One of the proposals Sir Stafford Cripps brought offered Dominion Status to India after the end of the War but the caveat was that the constituent Indian provinces or the Princely States would have the right to secede. While Jawaharlal Nehru and some other Working Committee members were upbeat, the Super President (de jure since the adoption of the Pant Resolution of March 1939) of the Congress Party, i.e. Shri M.K. Gandhi, rejected the offer. So did Netaji Subhas Chandra Bose through several of his radio broadcasts from Berlin. M.K. Gandhi told Cripps: “Why did you come if this is what you have to offer? If this is your entire proposal to India, I would advise you to take the next plane home.” [6]

It is reported in some books that Shri M.K. Gandhi said that the Cripp’s offer was “a post-dated cheque on a failing bank”. [7]

Many, including Jawaharlal Nehru and Maulana Abul Kalam Azad, thought that Shri M.K. Gandhi’s opinion was that Japan and Germany would win the War.
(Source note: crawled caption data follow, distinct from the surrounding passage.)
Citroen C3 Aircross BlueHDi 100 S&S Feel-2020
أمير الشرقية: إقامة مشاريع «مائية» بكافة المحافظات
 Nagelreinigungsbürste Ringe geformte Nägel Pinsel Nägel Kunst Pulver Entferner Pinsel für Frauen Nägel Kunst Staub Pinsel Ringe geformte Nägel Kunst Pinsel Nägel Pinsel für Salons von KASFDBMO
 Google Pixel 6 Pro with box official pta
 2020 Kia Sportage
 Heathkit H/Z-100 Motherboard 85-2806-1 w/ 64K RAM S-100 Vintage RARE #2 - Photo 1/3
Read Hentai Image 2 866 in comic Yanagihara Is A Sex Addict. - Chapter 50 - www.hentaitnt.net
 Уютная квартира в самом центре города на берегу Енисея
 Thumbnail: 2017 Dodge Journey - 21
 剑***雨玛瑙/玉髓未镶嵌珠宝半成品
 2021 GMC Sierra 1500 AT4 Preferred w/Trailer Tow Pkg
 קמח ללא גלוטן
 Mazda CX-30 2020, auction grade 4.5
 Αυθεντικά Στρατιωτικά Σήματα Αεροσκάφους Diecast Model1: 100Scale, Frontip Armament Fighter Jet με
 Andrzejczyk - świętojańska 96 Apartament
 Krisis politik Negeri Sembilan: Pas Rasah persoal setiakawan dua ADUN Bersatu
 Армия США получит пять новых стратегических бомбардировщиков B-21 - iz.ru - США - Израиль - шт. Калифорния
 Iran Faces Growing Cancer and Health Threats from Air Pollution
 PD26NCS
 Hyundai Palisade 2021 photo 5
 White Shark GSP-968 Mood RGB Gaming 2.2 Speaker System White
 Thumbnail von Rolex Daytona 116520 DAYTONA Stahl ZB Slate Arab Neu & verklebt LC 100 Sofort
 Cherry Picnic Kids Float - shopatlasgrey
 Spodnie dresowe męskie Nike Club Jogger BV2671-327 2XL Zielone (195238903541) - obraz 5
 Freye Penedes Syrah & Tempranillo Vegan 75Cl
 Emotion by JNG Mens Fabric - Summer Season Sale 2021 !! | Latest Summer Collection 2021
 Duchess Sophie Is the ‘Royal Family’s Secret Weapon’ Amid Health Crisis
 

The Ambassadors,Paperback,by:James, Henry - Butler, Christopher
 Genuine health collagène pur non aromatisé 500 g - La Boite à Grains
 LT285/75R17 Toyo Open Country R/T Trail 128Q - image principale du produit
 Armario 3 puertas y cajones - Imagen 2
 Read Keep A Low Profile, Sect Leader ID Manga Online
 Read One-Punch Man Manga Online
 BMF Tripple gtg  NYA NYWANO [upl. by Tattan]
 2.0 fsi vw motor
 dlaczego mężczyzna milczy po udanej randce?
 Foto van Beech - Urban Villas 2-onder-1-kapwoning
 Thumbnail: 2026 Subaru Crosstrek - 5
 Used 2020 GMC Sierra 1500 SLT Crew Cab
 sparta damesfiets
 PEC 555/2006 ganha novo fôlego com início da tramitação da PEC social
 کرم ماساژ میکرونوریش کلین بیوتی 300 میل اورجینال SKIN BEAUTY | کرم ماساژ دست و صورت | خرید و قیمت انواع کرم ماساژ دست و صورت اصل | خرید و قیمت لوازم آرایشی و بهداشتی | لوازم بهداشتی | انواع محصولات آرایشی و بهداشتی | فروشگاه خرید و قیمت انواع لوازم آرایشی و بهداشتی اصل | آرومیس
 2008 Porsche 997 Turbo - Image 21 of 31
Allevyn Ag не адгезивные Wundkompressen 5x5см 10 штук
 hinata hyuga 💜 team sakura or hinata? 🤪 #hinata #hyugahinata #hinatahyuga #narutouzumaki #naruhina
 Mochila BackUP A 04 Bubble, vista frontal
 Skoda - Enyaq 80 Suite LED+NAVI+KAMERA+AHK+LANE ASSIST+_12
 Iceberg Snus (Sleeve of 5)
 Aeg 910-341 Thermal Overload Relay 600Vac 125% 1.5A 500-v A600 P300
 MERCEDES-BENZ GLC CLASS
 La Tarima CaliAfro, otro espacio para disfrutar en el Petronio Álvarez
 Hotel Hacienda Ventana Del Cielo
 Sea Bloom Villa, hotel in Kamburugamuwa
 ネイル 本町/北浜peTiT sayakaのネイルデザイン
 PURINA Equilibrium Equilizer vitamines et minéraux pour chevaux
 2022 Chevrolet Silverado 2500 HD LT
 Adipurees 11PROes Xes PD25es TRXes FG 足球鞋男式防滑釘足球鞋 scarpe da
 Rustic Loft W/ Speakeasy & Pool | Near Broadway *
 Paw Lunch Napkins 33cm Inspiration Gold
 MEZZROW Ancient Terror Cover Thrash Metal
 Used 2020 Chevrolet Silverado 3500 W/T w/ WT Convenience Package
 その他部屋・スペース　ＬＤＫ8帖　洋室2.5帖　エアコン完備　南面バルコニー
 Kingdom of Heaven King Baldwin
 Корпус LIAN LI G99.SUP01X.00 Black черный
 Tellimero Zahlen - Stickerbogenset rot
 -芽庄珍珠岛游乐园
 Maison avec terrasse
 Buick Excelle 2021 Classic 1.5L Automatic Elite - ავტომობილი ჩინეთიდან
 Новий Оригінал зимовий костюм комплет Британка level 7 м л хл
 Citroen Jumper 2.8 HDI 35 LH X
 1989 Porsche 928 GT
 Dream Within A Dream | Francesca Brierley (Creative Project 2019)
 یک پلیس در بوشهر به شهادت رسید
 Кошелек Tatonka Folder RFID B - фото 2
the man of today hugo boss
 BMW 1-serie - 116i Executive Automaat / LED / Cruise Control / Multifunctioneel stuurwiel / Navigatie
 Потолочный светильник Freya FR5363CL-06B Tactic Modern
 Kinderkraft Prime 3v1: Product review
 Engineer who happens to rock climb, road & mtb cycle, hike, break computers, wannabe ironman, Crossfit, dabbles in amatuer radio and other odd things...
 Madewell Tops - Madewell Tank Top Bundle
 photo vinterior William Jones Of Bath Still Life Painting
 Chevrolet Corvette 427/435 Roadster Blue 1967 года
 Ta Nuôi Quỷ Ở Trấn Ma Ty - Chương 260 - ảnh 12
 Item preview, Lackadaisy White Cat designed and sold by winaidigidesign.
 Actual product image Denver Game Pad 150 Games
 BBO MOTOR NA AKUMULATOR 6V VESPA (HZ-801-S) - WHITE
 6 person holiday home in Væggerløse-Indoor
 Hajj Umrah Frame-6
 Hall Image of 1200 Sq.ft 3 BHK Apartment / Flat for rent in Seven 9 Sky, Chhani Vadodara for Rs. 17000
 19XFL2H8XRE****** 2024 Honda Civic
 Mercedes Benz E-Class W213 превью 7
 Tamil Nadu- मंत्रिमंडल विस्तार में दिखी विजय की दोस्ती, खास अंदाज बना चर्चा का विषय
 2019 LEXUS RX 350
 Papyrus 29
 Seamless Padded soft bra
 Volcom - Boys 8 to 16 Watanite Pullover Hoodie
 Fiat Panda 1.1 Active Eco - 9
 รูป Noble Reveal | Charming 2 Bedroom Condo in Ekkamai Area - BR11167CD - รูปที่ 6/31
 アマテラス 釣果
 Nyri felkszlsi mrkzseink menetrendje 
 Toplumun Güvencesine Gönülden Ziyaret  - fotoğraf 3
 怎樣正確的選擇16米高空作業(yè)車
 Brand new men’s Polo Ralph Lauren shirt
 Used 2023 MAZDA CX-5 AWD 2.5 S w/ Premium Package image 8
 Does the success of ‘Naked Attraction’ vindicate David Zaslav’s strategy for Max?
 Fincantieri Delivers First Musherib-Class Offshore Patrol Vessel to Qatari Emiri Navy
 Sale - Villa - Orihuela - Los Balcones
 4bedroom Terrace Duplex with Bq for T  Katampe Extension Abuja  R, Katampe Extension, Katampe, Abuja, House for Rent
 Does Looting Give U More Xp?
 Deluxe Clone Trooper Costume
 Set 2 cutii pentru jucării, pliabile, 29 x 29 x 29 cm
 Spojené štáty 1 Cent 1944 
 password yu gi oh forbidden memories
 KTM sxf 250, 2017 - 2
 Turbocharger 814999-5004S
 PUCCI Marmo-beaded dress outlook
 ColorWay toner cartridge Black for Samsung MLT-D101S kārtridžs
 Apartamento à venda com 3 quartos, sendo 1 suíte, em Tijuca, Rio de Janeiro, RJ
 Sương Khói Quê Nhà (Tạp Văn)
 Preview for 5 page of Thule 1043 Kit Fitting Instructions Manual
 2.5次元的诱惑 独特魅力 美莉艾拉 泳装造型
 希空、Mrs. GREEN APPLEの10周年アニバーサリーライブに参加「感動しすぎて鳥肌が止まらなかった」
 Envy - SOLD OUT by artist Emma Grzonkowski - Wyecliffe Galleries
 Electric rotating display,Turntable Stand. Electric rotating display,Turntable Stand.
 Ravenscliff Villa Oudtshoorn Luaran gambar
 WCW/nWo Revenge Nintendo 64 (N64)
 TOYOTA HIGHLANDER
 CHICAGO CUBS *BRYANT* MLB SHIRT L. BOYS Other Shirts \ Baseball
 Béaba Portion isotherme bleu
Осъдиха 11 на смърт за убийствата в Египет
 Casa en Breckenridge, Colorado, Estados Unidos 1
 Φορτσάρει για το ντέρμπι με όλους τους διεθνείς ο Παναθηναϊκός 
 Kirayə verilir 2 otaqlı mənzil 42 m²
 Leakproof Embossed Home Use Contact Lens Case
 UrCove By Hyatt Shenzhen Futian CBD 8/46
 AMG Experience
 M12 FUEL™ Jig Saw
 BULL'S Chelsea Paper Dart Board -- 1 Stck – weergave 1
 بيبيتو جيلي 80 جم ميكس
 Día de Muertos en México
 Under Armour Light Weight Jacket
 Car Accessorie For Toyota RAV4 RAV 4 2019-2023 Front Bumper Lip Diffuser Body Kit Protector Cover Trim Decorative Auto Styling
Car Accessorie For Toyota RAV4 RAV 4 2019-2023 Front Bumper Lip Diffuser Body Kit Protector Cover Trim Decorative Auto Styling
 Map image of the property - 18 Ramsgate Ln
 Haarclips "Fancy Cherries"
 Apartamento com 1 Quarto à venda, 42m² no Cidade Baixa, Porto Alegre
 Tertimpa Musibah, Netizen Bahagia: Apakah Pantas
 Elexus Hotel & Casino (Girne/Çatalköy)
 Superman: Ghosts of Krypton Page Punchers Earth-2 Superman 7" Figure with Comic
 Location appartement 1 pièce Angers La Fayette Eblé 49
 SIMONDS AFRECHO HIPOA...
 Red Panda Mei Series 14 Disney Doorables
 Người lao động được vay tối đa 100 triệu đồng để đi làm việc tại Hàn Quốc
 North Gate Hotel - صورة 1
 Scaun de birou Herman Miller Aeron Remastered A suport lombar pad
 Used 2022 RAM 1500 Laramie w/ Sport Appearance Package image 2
While Maulana Abul Kalam has written this in ‘India Wins Freedom’ [please see further below in this write-up], Jawaharlal Nehru said this to his colleagues in the Congress Working Committee Meeting held in Allahabad in end April 1942. [8]

Obviously, as Shri M.K. Gandhi rejected it, the Cripps’ Mission failed.

NETAJI SUBHAS BOSE’S ROLE

Netaji Subhas Chandra Bose had reached Berlin on April 2, 1941, with an Italian passport in the name of Mr. Orlando Mazzota, and was watching calmly and quietly the changes in the world due to the War and also the activities of the British government and those of the Indian National Congress. But after the fall of Singapore, he came out with his own identity, abandoning his cover name Orlando Mazzota, and started broadcasting from Azad Hind Radio.

Even before Sir Stafford Cripps left London for India, in his radio broadcast from Germany on March 19, 1942, Netaji rejected the British Government’s proposed offer.[9]

MAULANA ABUL KALAM AZAD’S OBSERVATION

Maulana Abul Kalam Azad was the Congress President for six years since March 1940. Reproduced below are his observations about Gandhiji’s opinion of that period (1942):

“THERE WAS ANOTHER POINT ON WHICH MY READING OF THE SITUATION DIFFERED FROM GANDHIJI’S. GANDHIJI BY NOW INCLINED MORE AND MORE TO THE VIEW THAT THE ALLIES COULD NOT WIN THE WAR. HE FEARED THAT IT MIGHT END IN THE TRIUMPH OF GERMANY AND JAPAN, OR AT THE BEST THERE MIGHT BE A STALEMATE.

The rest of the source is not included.